“Contributions have been going up and they’ve been going up a lot faster than inflation. Unfunded liabilities have been growing way faster than all of that,” said Lisa Schilling, retirement research actuary of the Society of Actuaries. “If its an issue of waiting for the market to bail everybody out, well, that doesn’t seem to be working.”
While both employer and employee contributions increased 76% (from $48 billion to $85 billion) and 30% (from $28 billion to $37 billion), respectively, the majority of plans experienced negative amortization. In addition, the total unfunded liabilities increased 150% during this period from $400 billion in 2006 to roughly $1 trillion in 2014. In 2014, 73% of the plans were funded, four points below the SOA’s average for the time period, but on par with the PDD’s full timeframe.
Factors vary for the unfunded liabilities, but Bill Hallmark, ASA, FCA, MAAA, EA Consulting Actuary at Cheiron observed, “For the period of the SOA study, I believe the primary factors were the plans’ actual investment returns compared to expected returns and assumption changes that affected the measurement of the liability.”

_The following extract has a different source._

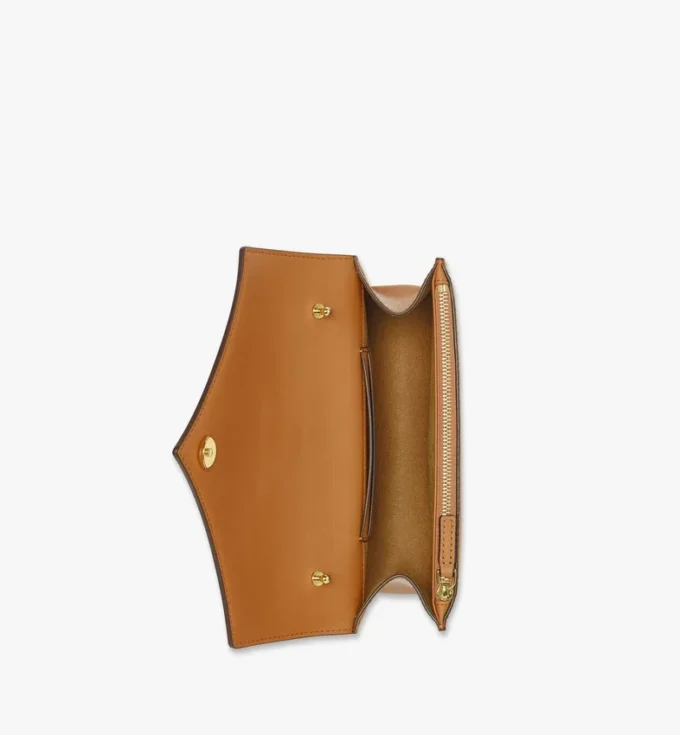 Sac à bandoulière Diamond en cuir Visetos mélangé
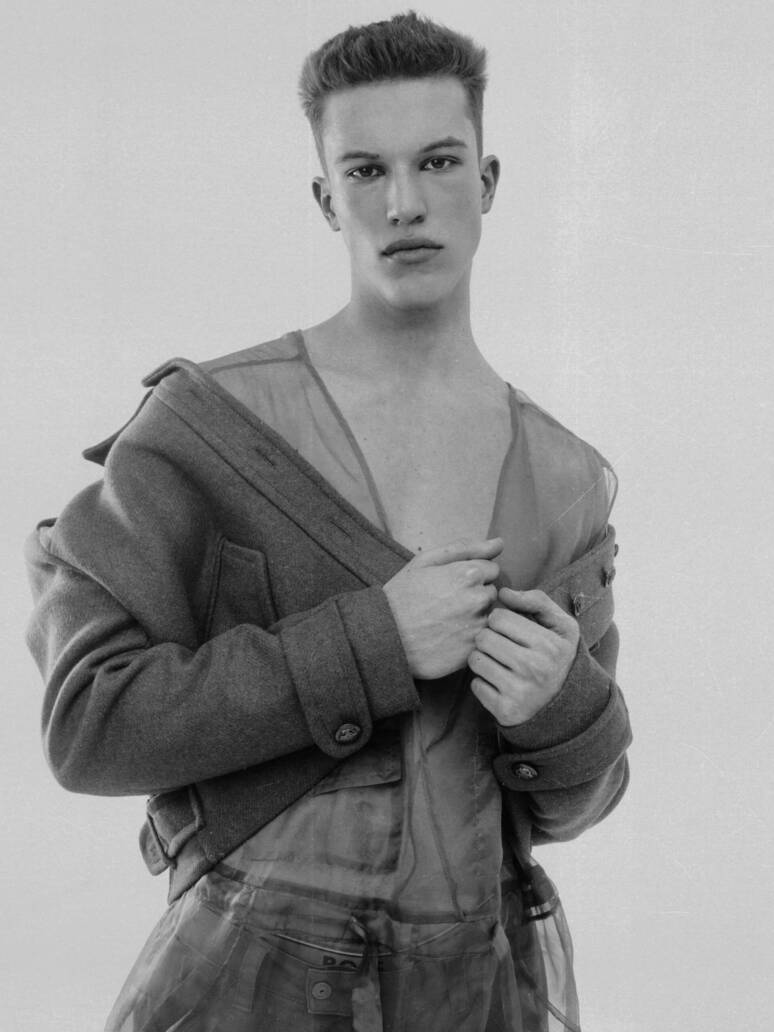 Daniel Hesz Visage Model Management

Schilling questions whether public plans can be helped by the market.“Nope, not anytime soon can we rely on the markets to dig out of this hole,” she says. “I think it’s taken a long time to catch up to the reality of any kind of contribution reductions that employers might’ve been enjoying in [the market heydays of the 1980s and 1990s]. There’s a different reality now, and it looks like while they’ve been working hard to increase their contributions, they’re still behind. They haven’t been able to catch up. “
The report, released June 22, is based on Public Plans Data research dated from February 3, 2017. The PPD’s data includes 160 US public pensions, which covers nearly 27 million employees. The SOA’s research focuses on data from 130 of those plans from 2006-2014. The plans are a general mix of the largest accounts in the country, which accounts for 95% of the state and local pensions. Schilling says that the reason for not using all 160 plans and the full timeline is because some plans don’t have enough data.